Yes, even fine-art prices have been slashed in this economy.
Sarasota’s independent art retailers are hoping lower prices will appeal to cash-strapped patrons who still want one-of-a-kind pieces without compromising their wallets or tastes.
In light of declining art sales, Allyn Gallup, of Allyn Gallup Contemporary Art, has rolled out an affordable summer art showcase, featuring works by local artists Jean Blackburn, George Pappas and Joyce Ely-Walker.
More than 50 pieces in the showcase have been priced at $1,500 or less.
“I would be less than truthful if I didn’t say art galleries weren’t hurting,” Gallup says. “Like any other business that requires discretionary income, we’re affected by the economy. The idea behind this show is to encourage people to acquire art even if they’re only able to spend $1,000.”

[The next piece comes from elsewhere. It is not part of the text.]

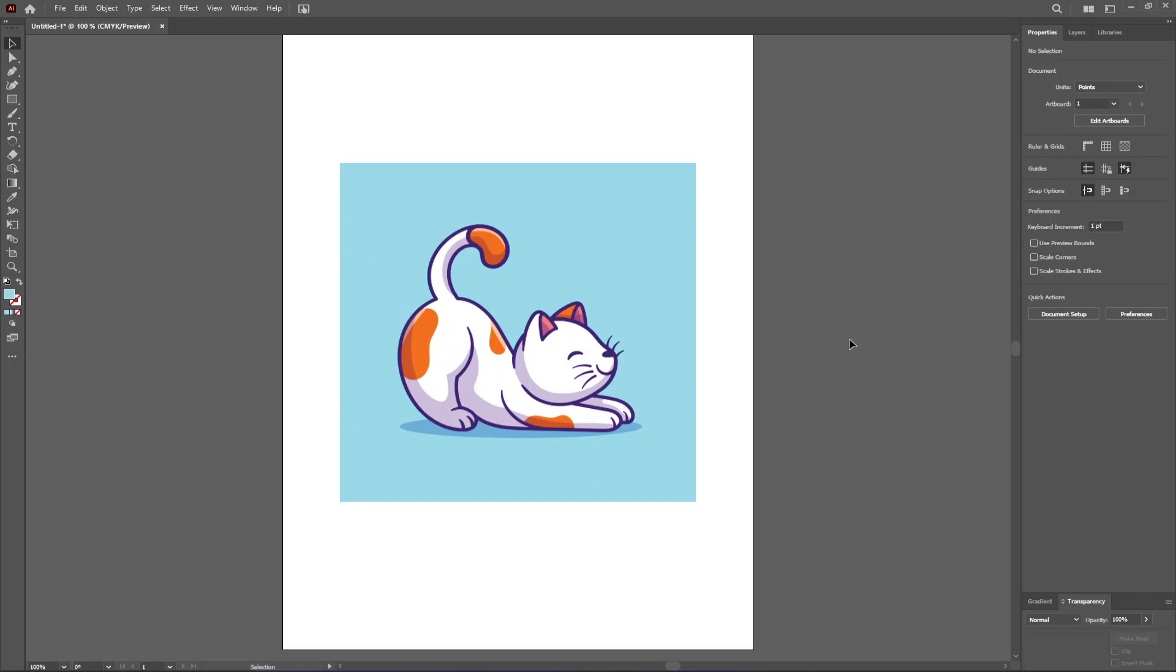How to remove the background from an image in Adobe Illustrator. To show you this, I've selected this flat art of a cat.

Although many of Gallup’s clients’ incomes have been unaffected by the recession, the country’s current penny-pinching consciousness has impacted even the wealthiest art patrons in town.
“We see this happen across many high-end markets,” Gallup says. “People are under pressure and so it spreads.”
Lido Key artist Florence Putterman agrees. Putterman, whose work is included in this summer’s affordable art show, says thriftiness among Sarasota professionals is beginning to correct the art industry’s once-extraordinary prices.
Putterman draws an obvious correlation between the escalating cost of fine art and Florida’s real-estate boom in the early 2000s.
“The price of art just mushroomed,” Putterman says. “Department stores were charging interior designers outrageous prices for work. Things just got out of hand, and I think what we’re seeing now is a correction.
Maybe a little bit of an overcorrection, but things will settle down eventually.”